RECORDS SHOWN:
_ _ _
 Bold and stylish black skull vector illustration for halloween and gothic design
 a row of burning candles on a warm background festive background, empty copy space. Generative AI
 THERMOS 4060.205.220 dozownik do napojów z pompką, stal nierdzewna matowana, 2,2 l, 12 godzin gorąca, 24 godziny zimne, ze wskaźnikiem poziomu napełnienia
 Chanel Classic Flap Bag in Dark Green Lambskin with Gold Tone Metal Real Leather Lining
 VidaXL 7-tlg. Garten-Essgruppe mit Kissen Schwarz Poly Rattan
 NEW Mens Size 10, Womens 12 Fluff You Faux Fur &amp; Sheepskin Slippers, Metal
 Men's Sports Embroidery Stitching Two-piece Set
_ _ _
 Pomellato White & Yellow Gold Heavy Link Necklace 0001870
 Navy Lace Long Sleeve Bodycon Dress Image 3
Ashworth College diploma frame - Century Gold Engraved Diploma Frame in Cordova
_ _ _
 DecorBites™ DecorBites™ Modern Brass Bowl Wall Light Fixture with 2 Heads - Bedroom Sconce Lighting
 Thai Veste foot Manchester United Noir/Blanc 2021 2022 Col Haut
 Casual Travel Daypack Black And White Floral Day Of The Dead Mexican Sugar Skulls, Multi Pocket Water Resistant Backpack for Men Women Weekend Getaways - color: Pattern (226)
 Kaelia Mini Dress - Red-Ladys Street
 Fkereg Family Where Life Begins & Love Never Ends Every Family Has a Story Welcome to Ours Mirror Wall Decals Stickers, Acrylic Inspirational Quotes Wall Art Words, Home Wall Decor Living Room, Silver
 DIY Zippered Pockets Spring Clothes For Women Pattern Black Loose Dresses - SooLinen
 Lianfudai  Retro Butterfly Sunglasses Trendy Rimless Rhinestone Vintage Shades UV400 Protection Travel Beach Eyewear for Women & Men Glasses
_ _ _
EXERCISE AIM:
The expected answer is an exact copy of the lines above, beginning at the line with "Bold and stylish" and ending at the line with "Men's Sports Embroidery", with both ends in.

OUTPUT FOR THIS EXERCISE:
 Bold and stylish black skull vector illustration for halloween and gothic design
 a row of burning candles on a warm background festive background, empty copy space. Generative AI
 THERMOS 4060.205.220 dozownik do napojów z pompką, stal nierdzewna matowana, 2,2 l, 12 godzin gorąca, 24 godziny zimne, ze wskaźnikiem poziomu napełnienia
 Chanel Classic Flap Bag in Dark Green Lambskin with Gold Tone Metal Real Leather Lining
 VidaXL 7-tlg. Garten-Essgruppe mit Kissen Schwarz Poly Rattan
 NEW Mens Size 10, Womens 12 Fluff You Faux Fur &amp; Sheepskin Slippers, Metal
 Men's Sports Embroidery Stitching Two-piece Set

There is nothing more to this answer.